Carlos Vásquez

Personal information
- Full name: Carlos Armando Vásquez Carvajal
- Nationality: Venezuela
- Born: 19 December 1982 (age 43)
- Height: 1.90 m (6 ft 3 in)
- Weight: 78 kg (172 lb)

Sport
- Sport: Taekwondo
- Event: 80 kg

Medal record
Men's taekwondo
Representing Venezuela
Pan American Games
| Silver medal – second place | 2011 Guadalajara | 80 kg |
World Championships
| Bronze medal – third place | 2005 Madrid | 72 kg |

= Carlos Vásquez (taekwondo) =

Venezuelan taekwondo practitioner

Carlos Armando Vásquez Carvajal (born December 19, 1982) is a Venezuelan taekwondo practitioner.

== Career ==
He won the bronze medal for the 72 kg class at the 2005 World Taekwondo Championships in Madrid, Spain, and silver for the 80 kg class at the 2011 Pan American Games in Guadalajara, Mexico.

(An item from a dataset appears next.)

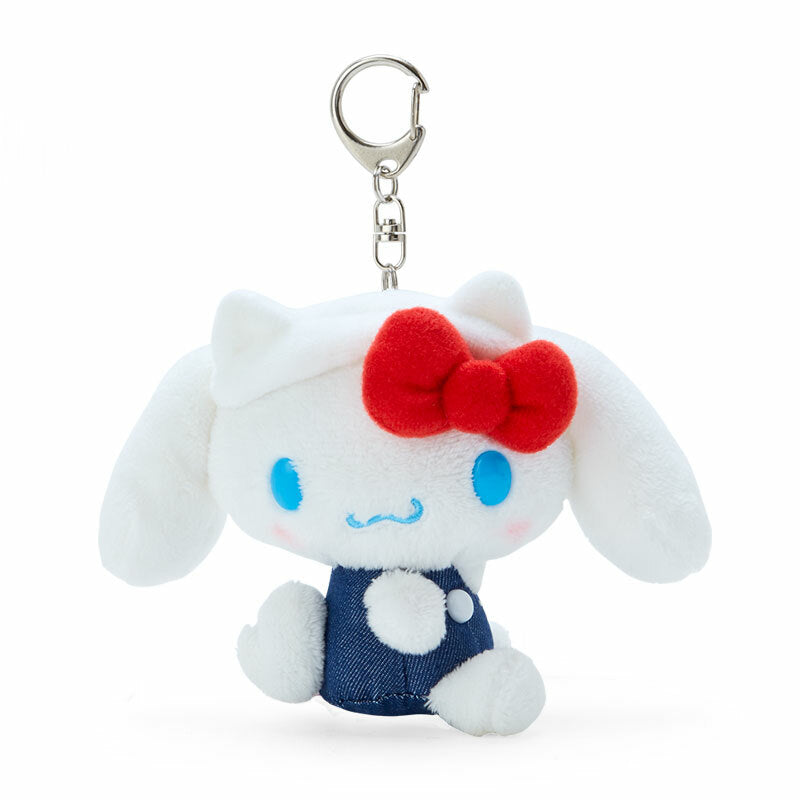Close-up of the plush Cinnamoroll sitting with denim overalls and a headband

Vasquez qualified for the men's 80 kg class at the 2008 Summer Olympics in Beijing, after placing third from the Pan American Qualification Tournament in Cali, Colombia. He defeated Gabon's Lionel Baguissi by a unanimous decision in the preliminary round, before losing out his next match to Great Britain's Aaron Cook, with a final score of 2–5.